I think that you may have answered your own question - Other than disciplining your child for lying, don't show any negative reactions to the behavior (utter shock and horror). Kids often times do and say things just to get a reaction from their parents. In this case, it appears to be working. 

Also, if your child is lying, he requires discipline. If behavior goes undisciplined, that gives kids the green light to continue their misbehavior.

I don't think your child wants you imprisoned. I think is is merely pressing your buttons to get the desired the reaction. The answer to your dilemma is to not show your child your buttons and to discipline him for lying per occurrence. This should end this dilemma.


----------



## Rachel_C

I'm not sure how you can not react and also discipline him at the same time. If you want to go down the 'pushing buttons/getting attention' route, even punishment is attention and may not seem so bad to a child.

I wouldn't worry too much about what people will think.
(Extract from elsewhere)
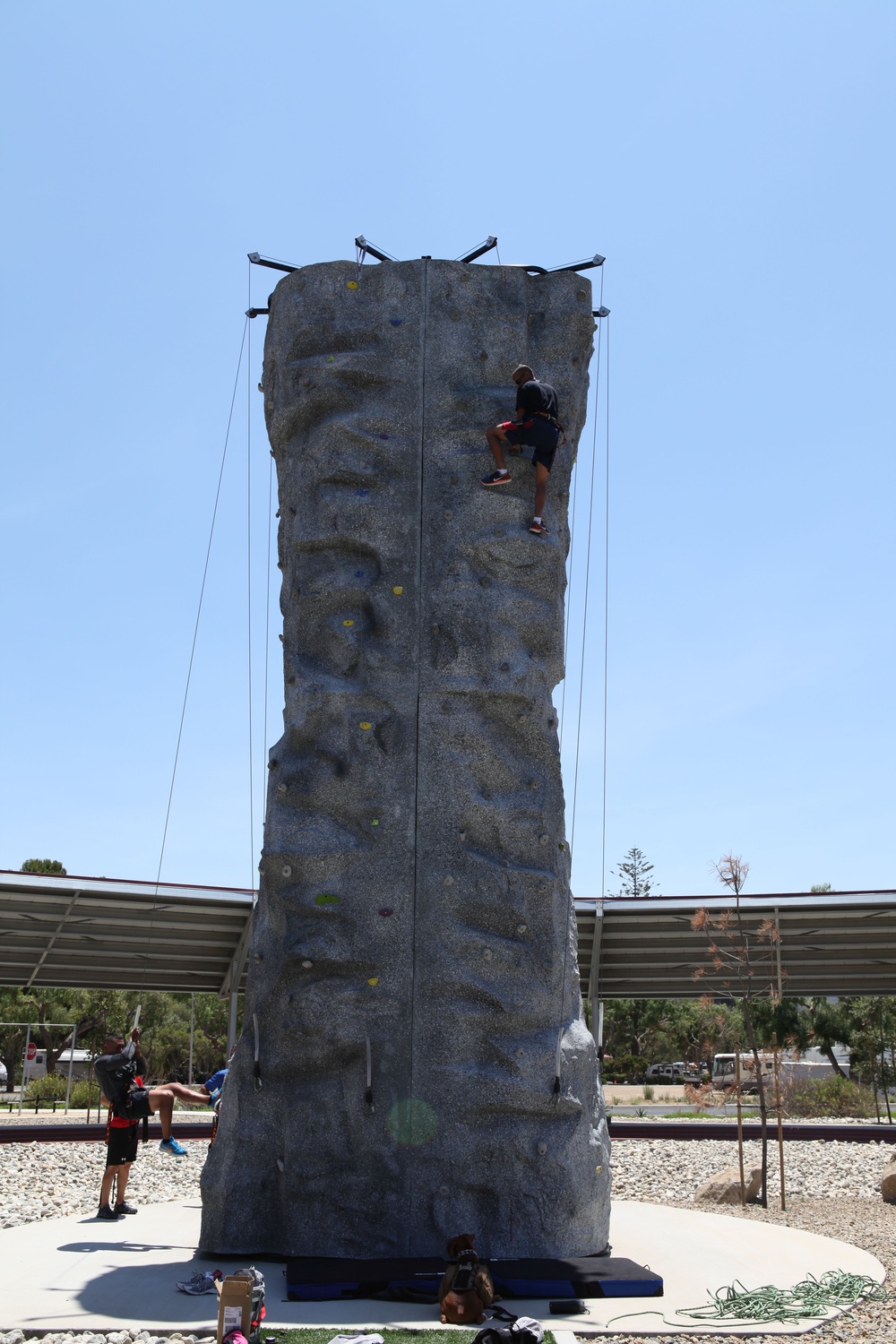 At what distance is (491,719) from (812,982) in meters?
18.2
Lots of kids say similar things - my youngest told me how daddy hit her on purpose and how he trapped her finger in the door on purpose - he didn't at all! I think most parents will have some sort of experience of this and will know not to take it seriously. Personally, the fact that he's shouting about it would indicate to me that it's not happening. If you were the kind of person to punch him in the face, he'd probably be too scared to yell about it. 

I would try not to react too strongly but I think it's good to show some sort of genuine reaction. Perhaps have a standard line you can pull out even when you're too upset to think properly, something like, "It upsets me when you make up stories like that. I love you very much and I would never hurt you" and then just leave it. If he continues, just say "That's not a nice thing to say". If you're calm he's not getting a strong reaction (which I'd guess is the reason he's saying it) but you're not leaving it completely unchallenged.
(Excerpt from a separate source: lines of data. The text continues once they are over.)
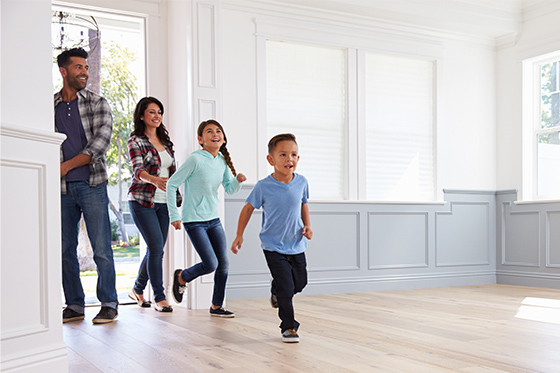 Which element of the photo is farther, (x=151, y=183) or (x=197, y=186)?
(x=151, y=183)

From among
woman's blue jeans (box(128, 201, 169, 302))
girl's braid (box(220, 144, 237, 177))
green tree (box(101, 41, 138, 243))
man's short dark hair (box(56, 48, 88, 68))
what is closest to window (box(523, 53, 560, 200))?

I wouldn't class it as lying or anything that needs disciplining. 4 is a difficult year where they're feeling more grown up and wanting independence but still little enough to not always be able to control themselves and small things can seem like a big drama!


----------



## Jchihuahua

No advice I'm afraid but I know how embarassing it is as last year Daisy yelled 'You just slammed me into that door!!' in Greggs when I hadn't done a thing. I was mortified. She also once told pre-school that her dad threw her on the floor. Again completely untrue. Thankfully she hasn't said anything like that for a good while now.


----------



## seoj

I've no personal experience- but with anything my toddler does, I always work through it with her. I don't punish or dicipline tbh. I find that there are natural consequences to our actions- even as toddlers. And working with her to solve issues (as best I can) has always been my approach and worked well with her. I can't say it would work the same for all kids- of course. But I would agree with Rachel_C... to keep your response to his dramatic short and simple. And consistent. Don't overact- but it's certainly Ok he knows that it's not ok to make up stories like that. It may take some times- but I'd think he's move past it soon enough. 

I can imagine how embarrassing that would be. But certainly not the first kiddo to make things up... I've heard stories my friends have told. Hope he's past it soon!


----------



## Kate&Lucas

Thanks for the replies, it feels better to know other kids do the same!
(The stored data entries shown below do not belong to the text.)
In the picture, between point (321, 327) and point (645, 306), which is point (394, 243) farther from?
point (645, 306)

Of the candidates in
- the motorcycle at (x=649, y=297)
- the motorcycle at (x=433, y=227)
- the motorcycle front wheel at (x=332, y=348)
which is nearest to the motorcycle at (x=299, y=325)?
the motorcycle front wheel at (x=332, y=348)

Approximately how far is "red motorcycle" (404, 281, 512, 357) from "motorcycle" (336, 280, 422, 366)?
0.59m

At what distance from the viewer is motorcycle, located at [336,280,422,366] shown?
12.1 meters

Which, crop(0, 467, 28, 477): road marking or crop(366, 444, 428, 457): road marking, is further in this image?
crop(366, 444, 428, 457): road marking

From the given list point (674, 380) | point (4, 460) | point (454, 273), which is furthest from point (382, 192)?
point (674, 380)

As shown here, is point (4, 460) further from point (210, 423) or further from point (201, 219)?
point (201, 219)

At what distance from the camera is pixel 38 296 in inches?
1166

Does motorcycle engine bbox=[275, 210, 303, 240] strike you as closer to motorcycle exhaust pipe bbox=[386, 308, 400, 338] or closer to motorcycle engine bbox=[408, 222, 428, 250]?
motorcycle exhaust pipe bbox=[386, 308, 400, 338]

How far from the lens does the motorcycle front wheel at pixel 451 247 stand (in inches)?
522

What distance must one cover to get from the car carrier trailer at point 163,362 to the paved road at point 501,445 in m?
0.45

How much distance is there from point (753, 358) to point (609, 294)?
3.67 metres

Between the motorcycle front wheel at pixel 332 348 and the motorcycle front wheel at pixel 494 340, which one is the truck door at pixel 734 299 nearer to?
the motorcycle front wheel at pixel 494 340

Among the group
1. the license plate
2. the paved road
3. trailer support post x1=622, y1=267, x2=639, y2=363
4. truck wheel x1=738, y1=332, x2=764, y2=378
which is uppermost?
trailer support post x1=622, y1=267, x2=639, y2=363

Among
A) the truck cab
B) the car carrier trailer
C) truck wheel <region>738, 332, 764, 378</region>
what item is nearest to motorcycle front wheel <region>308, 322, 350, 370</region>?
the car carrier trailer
I really wasn't sure on discipline because it's not necessarily naughty, iykwim? I'll try coming up with something to reply to him then. And definitely be prepared next time. Normally I try to work on natural consequences but I wouldn't think of one for this, calling the police on myself? :lol:
I was just so shocked, it's the first time he's said it in public, it was in a shop full of people and it might just be me but I swear you could've heard a pin drop after he said it :blush:


----------



## MrsPear

Joni does it too...recently she yelled "Daddy kicks mummy, it's not very nice!" Luckily we were at home but I'm dreading the day she says it at nursery :dohh:

Obviously you do have to take children seriously but my niece was always at it...she said to me things like, "That man hurts me" and "Grandad pushed me over"... no one ever took her particularly seriously.


----------



## RinnaRoo

Gabriel does that too, not hitting stories, but just off the wall, random stories. Ill just go, ooo ahh, yeah totally, and he will just move on with his day.


----------



## JASMAK

I would (and have) explained the implications of not only lying about it but if someone took it seriously and crying wolf.


----------



## MummyMana

Maybe when he is calm, ask him what makes him say it? Just see what he says, then you can explain to him why he shouldn't say things like that, in a way he will understand if course.


----------



## Noodlebear

See, I don't actually view it as lying as such. He knows as well as you do that you haven't done a thing and he isn't running off and telling tales to get you into trouble so I think he's being imaginative and making up a story or, as you said, just being incredibly dramatic. It's important for him to understand that hitting and kicking are very naughty and he shouldn't pretend that people are being naughty because it might get them into trouble. That's how I would approach it anyway. If he continued to say those things I think I'd then go down any punishment routes as you will have made your expectations around it perfectly clear - he isn't to say those things and by continuing to do so he is being naughty.


----------



## LaughOutLoud

Id be gobsmacked if my DD did that but I would also correct her on the spot. Probably rehearse what im going to say the next time she says something, so im not looking so shocked.


----------



## Abigailly

DD was upstairs having a tantrum recently. I went up to check on her and she tried to bite me, I put my hand on her shoulder to hold her back and went down stairs. She screamed at me 'I'm telling Daddy on you'. I thought she meant because I closed the door on her but she roared down the stairs 'Daddy, Mummy just tried to kill me she pushed my head into the bed'. I almost dropped dead myself. I was so shocked. Honestly, I reacted. I ROARED at her 'how dare you, you know mummy would never hurt you'. I then burst out crying in total shock (it had been a very testing day) and told her how much that upset me. That she'd say something about that when she knows it's not true. We weren't even near her bed. 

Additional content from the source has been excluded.